Le squadre italiane erano più forti delle altre, nel nostro sistema calcio giravano i soldoni e i giocatori migliori militavano tutti nel nostro campionato che era definito “il più bello del mondo”, se un giocatore non giocava da noi o era esploso da poco, quindi prima o poi sarebbe arrivato, oppure era troppo scarso, non all'altezza del nostro calcio. Era impensabile che un bravo giocatore italiano andasse a giocare all'estero, qualche caso ci sarà pure stato ma di certo non riguardava i migliori. Gli spagnoli erano scarsi e gli inglesi degli scarponi.
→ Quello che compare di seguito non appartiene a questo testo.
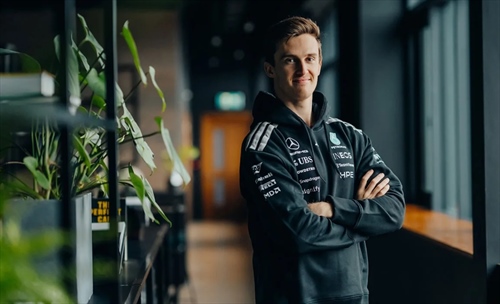 Pourchaire torna in Formula 1, la Mercedes lo sceglie per il suo 2026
Anche tatticamente eravamo avanti, in Spagna erano lenti e in Inghilterra giocavano con i lanci lunghi sulla prima punta che doveva avere un fisico prestante per scardinare le difese a spallate, un gioco troppo prevedibile. Oggi gli spagnoli danno spettacolo e la premier è forse il campionato più bello, hanno imparato a giocare palla a terra e lì il gioco è offensivo, veloce, spettacolare, giocano anche durante le feste di Natale mentre i nostri giocatori s'ingolfano di panettoni. Gli inglesi hanno regolamentato il loro sistema calcio e ora funziona al meglio, hanno gli stadi di proprietà con un servizio d'ordine che funziona, non hanno partite a rischio e non devono schierare un esercito di forze dell'ordine per garantire l'ordine pubblico allo stadio, questo è un valore aggiunto per gli amanti del calcio.

Ora mi fa strano vedere i calciatori di quando ero bambino invecchiati. Alcuni si vedono di rado, altri sono proprio spariti. Infine ci sono quelli che sono rimasti nel mondo del calcio come allenatori o opinionisti televisivi. Hanno i capelli bianchi e la pancetta e raccontano episodi di partite che anche io ho visto, come storia di vita vissuta. É il calcio di oggi, forse è meglio, forse no, è cambiato, come me, però la passione è la stessa.